INSTRUCTIONS FOR THE TASK: Beginning with the line that contains "Mochila Estampada, Mochila", restate each line below through the final one exactly, and exclude the pictures.

SOURCE DATA:
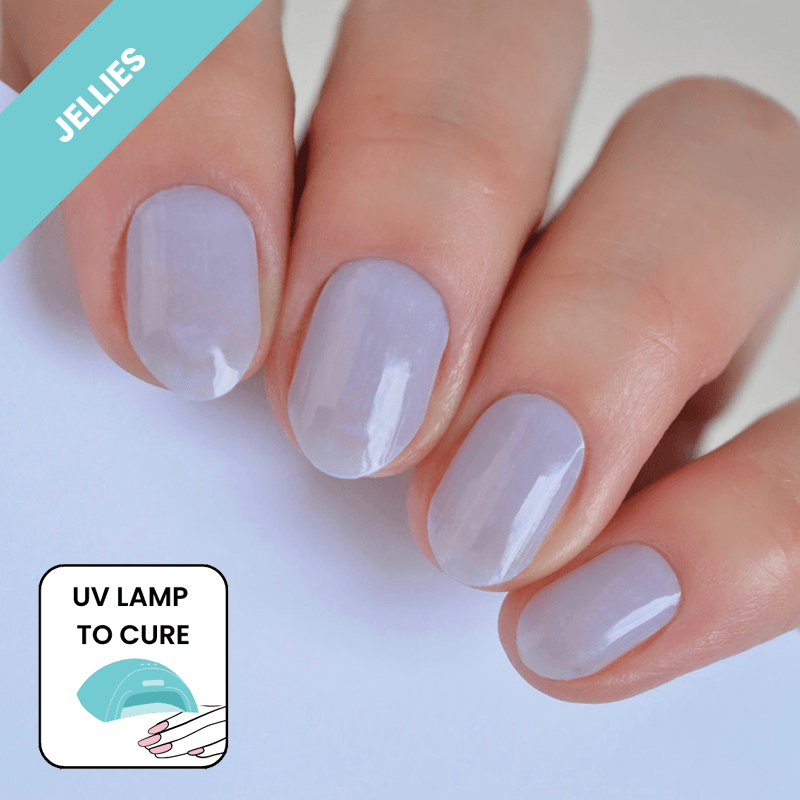 Misty Morning | Jellies DIY Soft Semi Cured Gel Nail Wraps
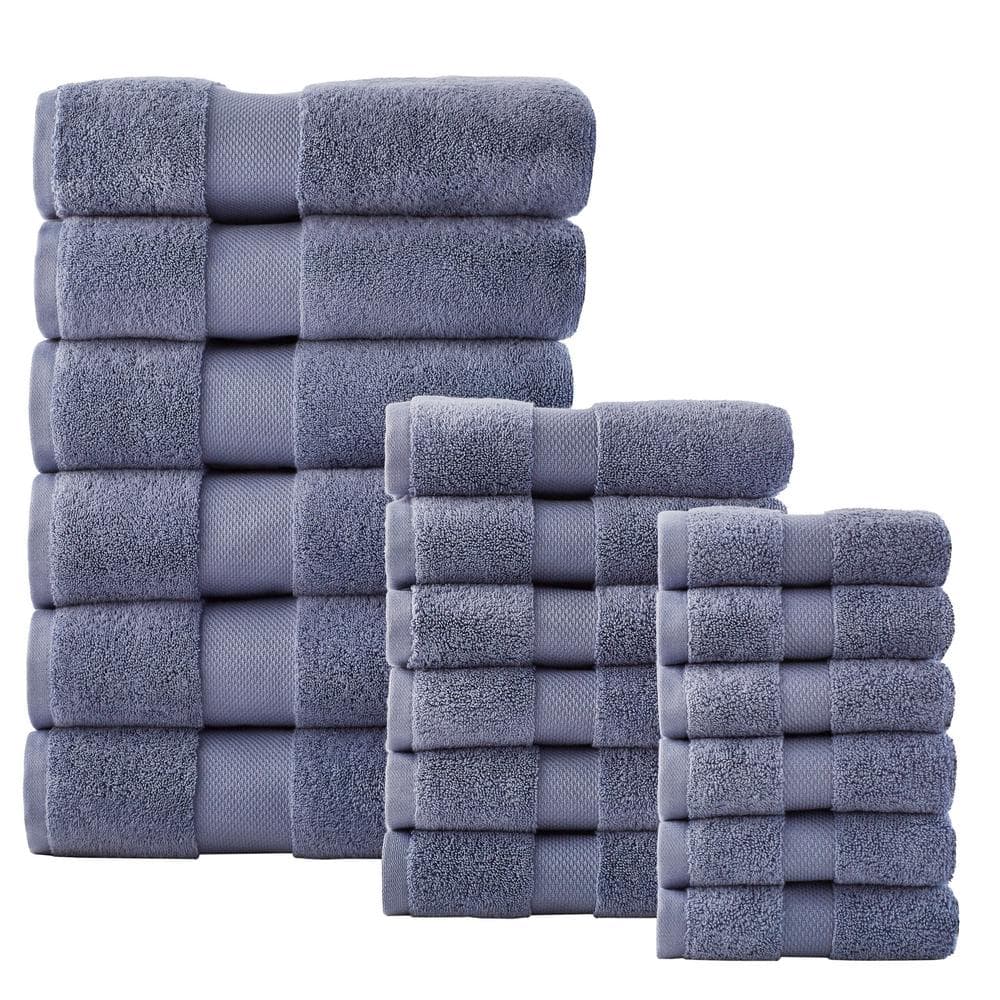 Hotel Style Turkish Cotton Bath Towel Collection Solid Print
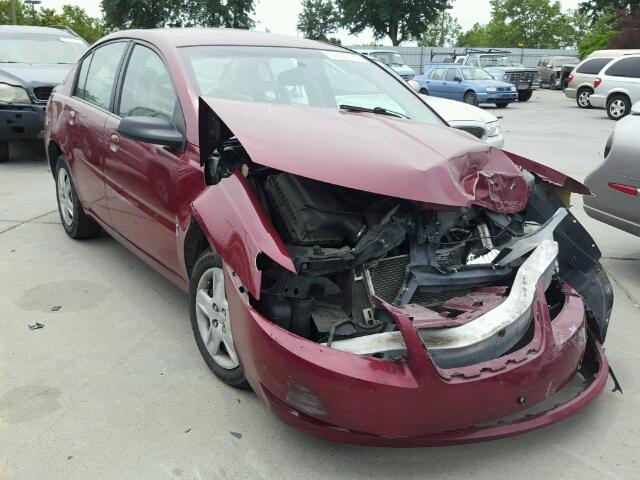 1G8AJ55F26Z104838 - 2006 SATURN ION LEVEL RED photo 1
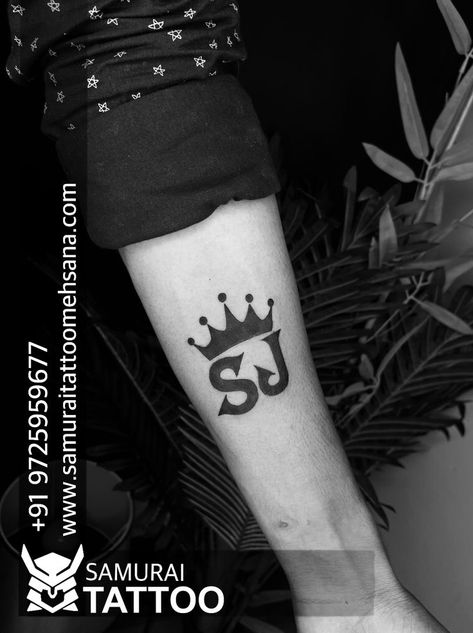 Sj Tattoo, Letter S Tattoo, Sj Logo, Font Tato, J Tattoo, Heart Tattoo Designs, Tattoo Font, Samurai Tattoo, Tattoo Placement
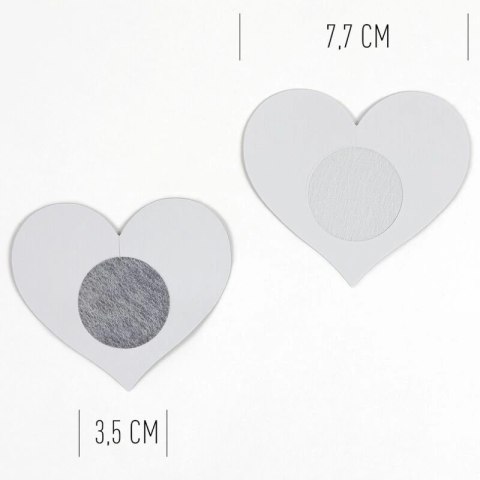 Secret Play WOW Heart Osłony na biust holograficzne czarne i rożowe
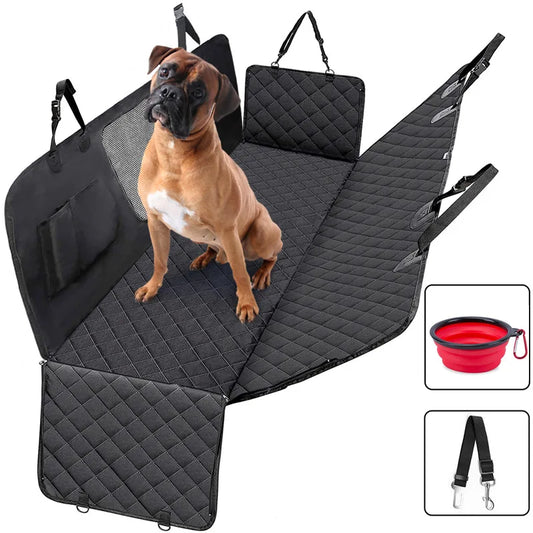 Prodigen Dog Car Seat Cover Waterproof Pet Travel Dog Carrier Hammock Car Rear Back Seat Protector Mat Safety Carrier for Dogs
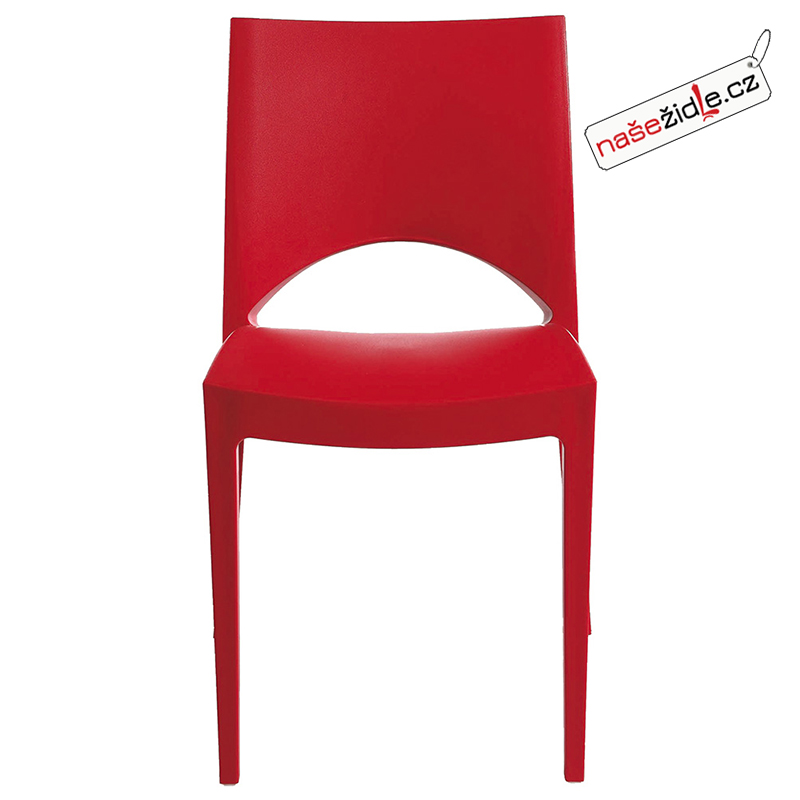 Plastová židle PARIS rosso
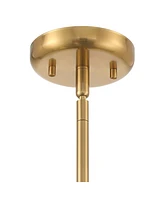 Tofay Warm Brushed Brass Sputnik Chandelier Lighting 37 3/4" Wide Modern Dimmable Led Frost Glass Shades 12-Light Fixture for Dining Room House Foyer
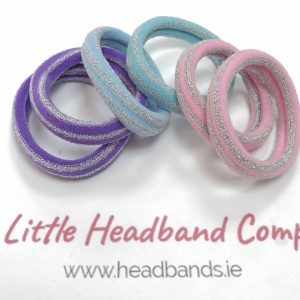 6 Glitzy Soft Elastics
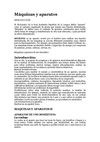 Máquinas y aparatos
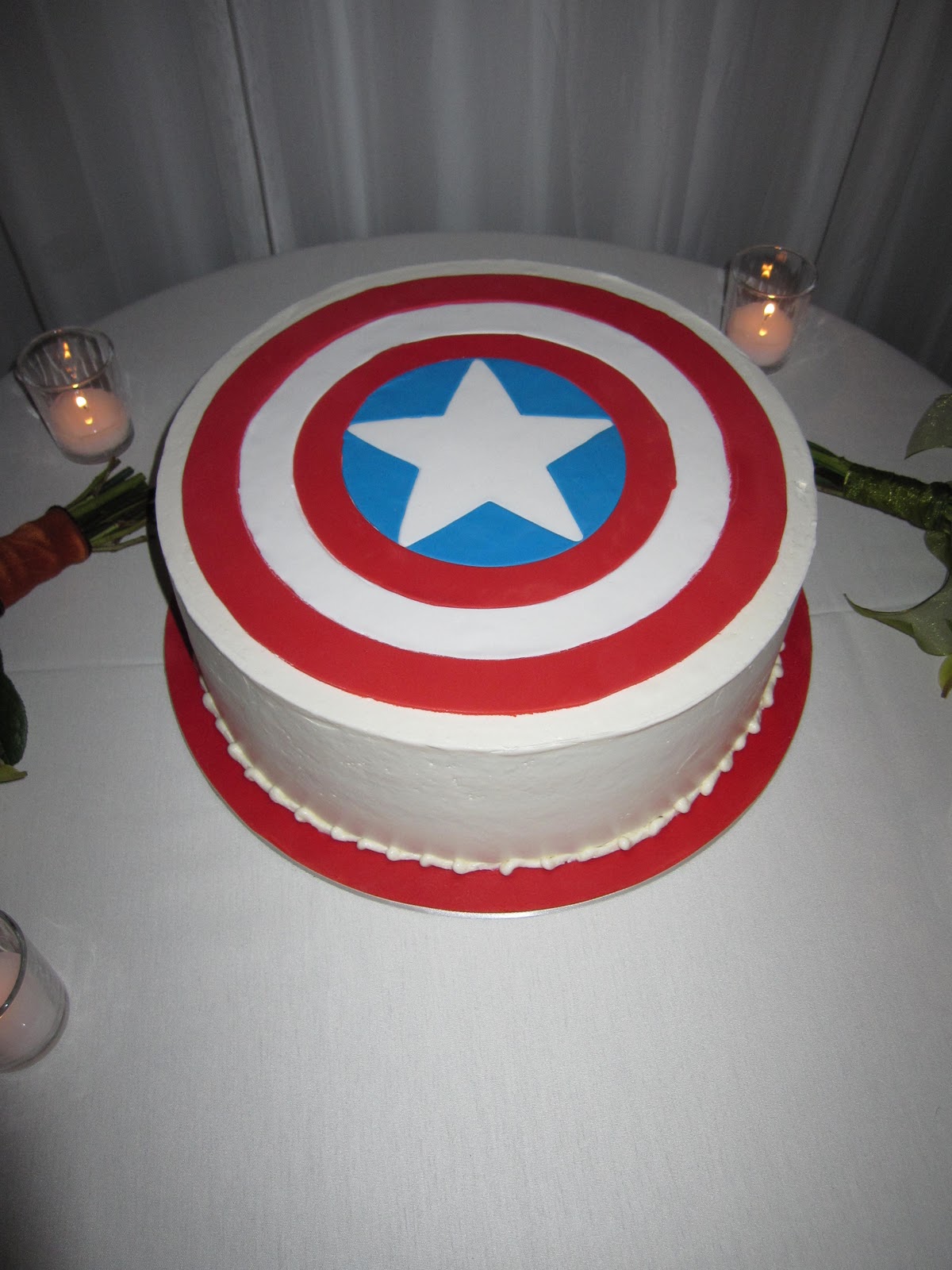 Captain America Birthday Cake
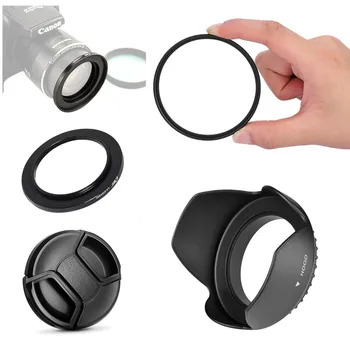 Filtru UV & Lens hood Capac Inel Adaptor Pentru Canon Powershot SX410 SX500 is SX510 HS Camera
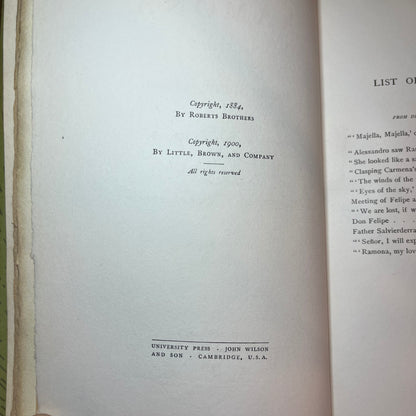 Ramona - Helen Jackson - Limited of 500 - Two Volumes - 1900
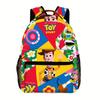 Mochila Estampada, Mochila Escolar Fofa de Desenho Animado, Mochila Grande Capacidade para Alunos do Ensino Fundamental II e Médio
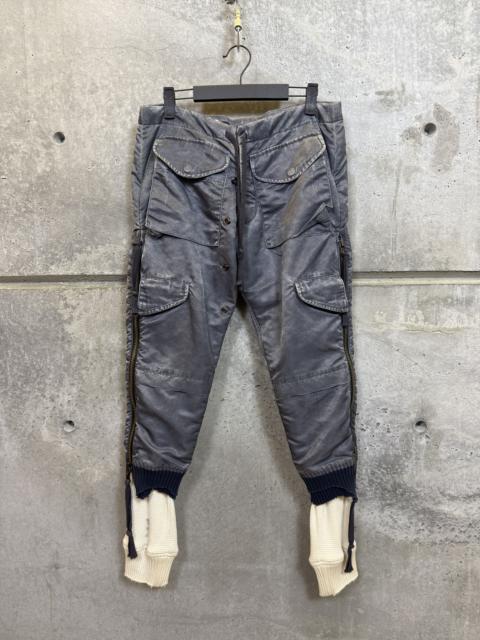 Greg Lauren Greg Lauren Washed Satin Zip Lounge Pants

ANSWER BOX:
 Mochila Estampada, Mochila Escolar Fofa de Desenho Animado, Mochila Grande Capacidade para Alunos do Ensino Fundamental II e Médio
 Greg Lauren Greg Lauren Washed Satin Zip Lounge Pants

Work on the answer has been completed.